『花の名前 ふじ』
「銀ちゃん」 「ん?」
今日は自分の縄張りであるかぶき町ではない町で仕事が入っていた。 その帰り道。
「あの紫の花、ブドウみたいアルな。食べられるアルか?」 「あぁ?藤棚かぁ。食べられねぇよ。腹の足しにはなんねぇな」
神楽の言葉通り、その店は塀越しからも見事な藤棚が見て取れた。 夕暮れの穏やかな風に吹かれ、ふわふわと優しげに揺れている。
5月に入り、花は藤が見ごろを迎えていた。 風で揺れる藤色は涼やかで、実際に音を立てているわけでもないのに、小さな花を連結させた枝ごとさらさらと鳴っている気がした。 同じように風に揺れていながら、やはり個々の花も微妙に違う動きでそれぞれにさらさらと。
手入れの行き届いた藤棚はちょっと自分達には敷居の高そうな店ばかり並ぶその一角、見るからに高級そうな料亭の庭から垣間見えるものだった。 その料亭に1台の黒塗りの車が停車した。
「あ?」
銀時は一瞬目を眇める。
店の格式から言えば違和感はない。 銀時が思わず声を漏らしてしまったのは、車から降りてきた人物が見知った人物であったからだ。
後部座席から一番最初に降り立った渋い紬の和装の男。 年のころも身長も銀時と変わらない。 背格好、烏の濡れ羽色の髪、整った鼻筋。 見慣れた黒い隊服でも非番の日によく着ている着流しでもない。 まして眼鏡をかけているがどう見てもと首を傾げた。
「土方?」
多少の距離があるからか、銀時の声が届かなかったのかもしれない。反応はなかった。 続いて降りてくる相手に注意が向いているようで目もあげない。 体格の良い中年の男。 まだまだ手を貸されるような年齢ではなさそうに見えるが、どこか体が悪いらしく土方が手を貸している。 仕立ての良い着物を着てはいるが、幕臣といった雰囲気ではない。 そして、土方は優しげに微笑んでいた。 愛想笑いではない。

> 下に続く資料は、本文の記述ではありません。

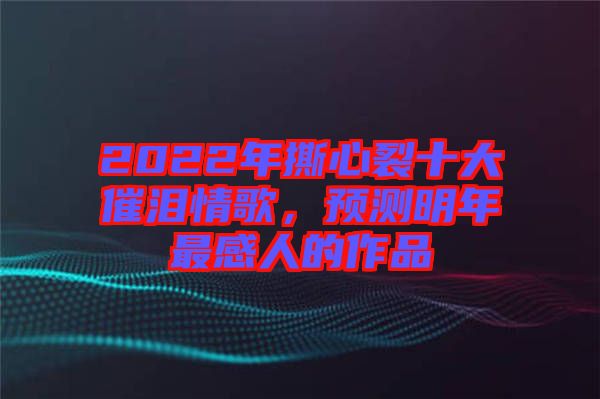 2022年撕心裂十大催淚情歌，預(yù)測(cè)明年最感人的作品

直感で銀時は感じる。 二人の間に流れている空気は親密そのものであるように思われた。
「あれ、副長さんだよね?」 「え?」
真選組の顔ぶれを全て知っているわけではもちろんないが、現役の隊士という歳でもない。 人違いの可能性を思わず横にいる、新八に問いかけていた。 眼鏡のフレームを正規の位置に合わせ、少年は少し目を細めて女将にあいさつをする男に注意を動かした。
「人違いじゃないですか?帯刀してませんし…」
言われてみれば、一部の人間にしかもはや許されなくなった真剣がその腰には見当たらない。 土方という男は武装警察という組織の看板ともいえる立場にいる。 いつ何処でテロや襲撃にあってもおかしくはない彼ならば、必ず刀を持っている。

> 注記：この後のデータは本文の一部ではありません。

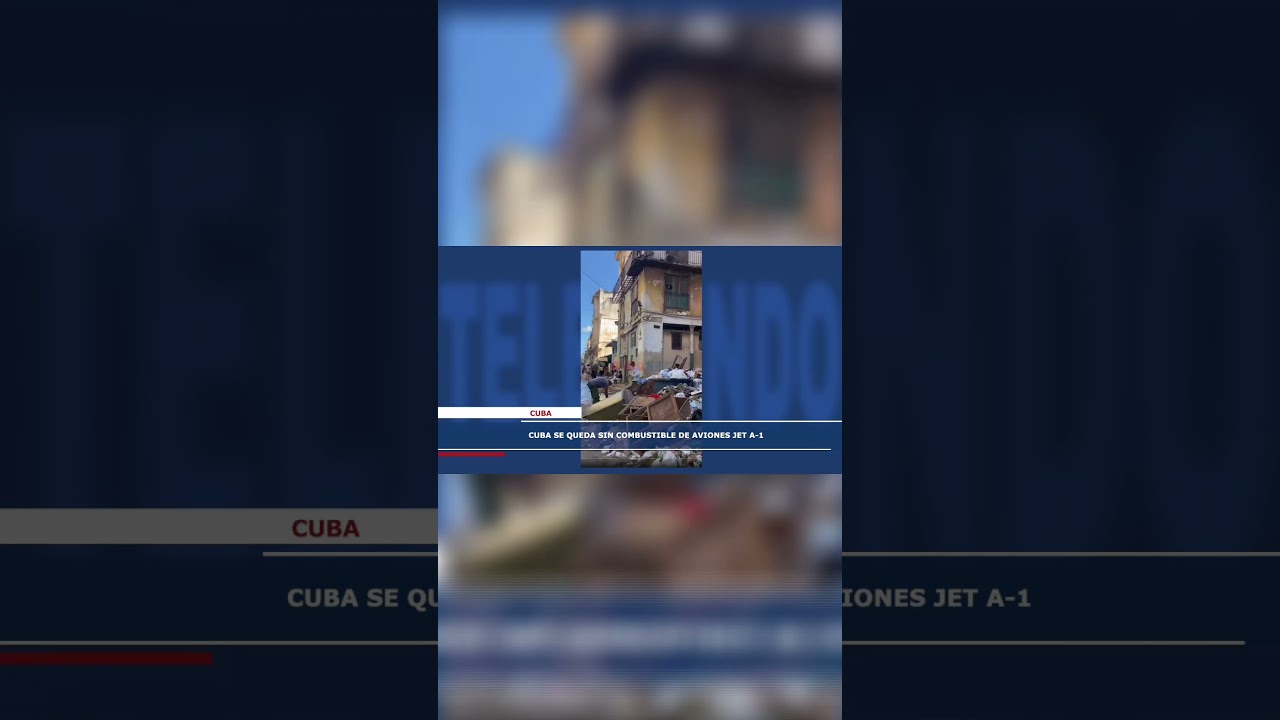 La crisis de combustible está impactando vuelos y hoteles en cuba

首を傾げるうちに、銀時の想い人によく似た男は壮年の男を支えるように料亭内に入っていってしまった。
藤色を更に藍色がかった色に返る空を見上げながら、先ほどの男が土方で無くてよかったと静かに思った。 もしもあんな風に、たとえ接待という理由が付いていたとしても、今の銀時では冷静でいられる自信は到底ない。口説いている最中(つもり)とはいえ、かなりのダメージを受けることは必至であろう。 ドSは打たれ弱いのだ。
「銀ちゃん。さっさと帰るアル」 お腹すいた〜と神楽が騒ぎだし、我に返った。 「そうだな。懐も温かくなったことだし、買い出し寄って帰るか」
依頼先で出された弁当は上品な味付けと見栄えではあったが、明らかに量は自分の腹もまして大食漢の神楽の胃を満たすには足りてはいなかった。 ぐうぅと鳴る少女の腹の音に笑った。

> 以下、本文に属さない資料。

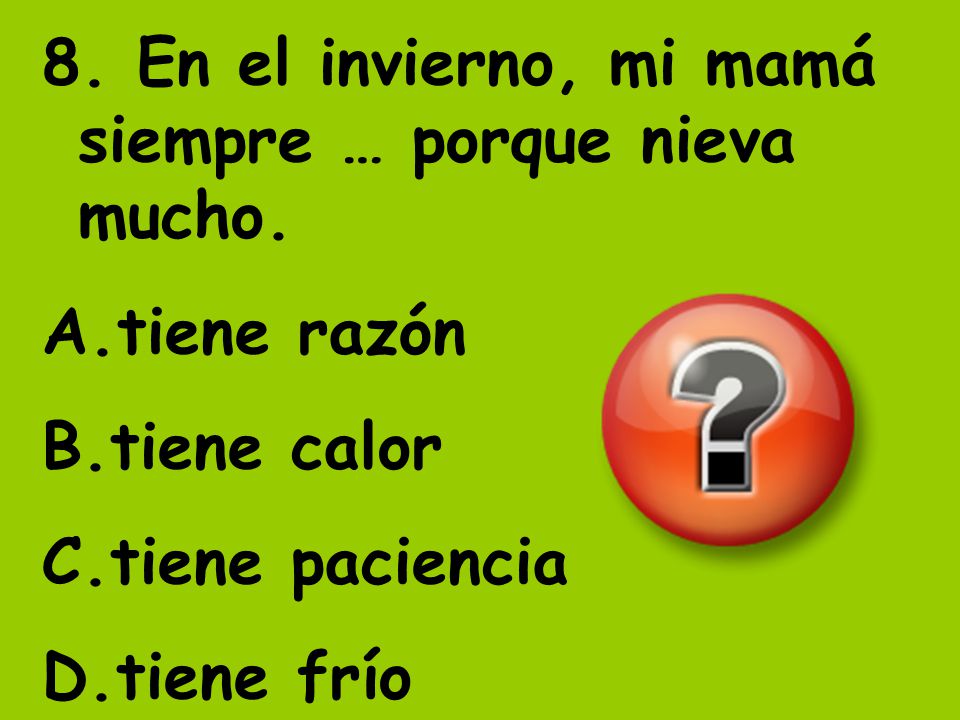 8. En el invierno, mi mamá siempre … porque nieva mucho.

5月に入り、ずいぶん日が長くなってきてはいるが7時に近くなるとそろそろ闇が落ちてくる。 夕暮れと共に藤の香りが仄かに薫ってきた、そんな気がして、もう一度だけ藤棚を振り返った。
桜の咲くころ、銀時はふらりと寄った土方の私邸で結ばれた。 結ばれたとはいって、お互いの気持ちがどうだのなんて言葉を交わすでもなく、本当に極自然に、なんの違和感もなく、重なった。 桜に酔っていたという表現が近い。 お陰で、明くる朝、我に返った時には二人共に大きな混乱を落とす。
坂田銀時は、これまで自分の性癖は(若干ドSではあるが)ノーマルだと思っていた。 股間センサーが働くのは女性に限られていたし、女装した男に食指が動いたことはない。 SM要素の含まれたAVを見はするし、ナース服は大好きだが、そういう類の店に入り浸ってまでヤってみたいとも、ヤりたい思ったこともない。 で、あるから、現在進行形でノーマルだと思っている。
土方十四郎という、ただ一人の存在に囚われるまでは。
なぜ、瞳孔開き放題のチンピラ警察にと冷静に考えても、何度考えてもおかしい。 おかしいが、一夜を共にした後、秘蔵のAVをみても、お気に入りのお天気お姉さんをみても、気が晴れることはない。 単純に土方十四郎という男から目が離せず、銀時の思考を占めているものも、土方十四郎だった。
「惚れちまったもんは仕方ねぇ」
自覚すると同時に、ある意味銀時は開き直っていた。
似た者同士。 思考が似ていると言われる銀時と土方ではあったが、土方の二週間の出張を経て導き出した結論は全く異なったものであった。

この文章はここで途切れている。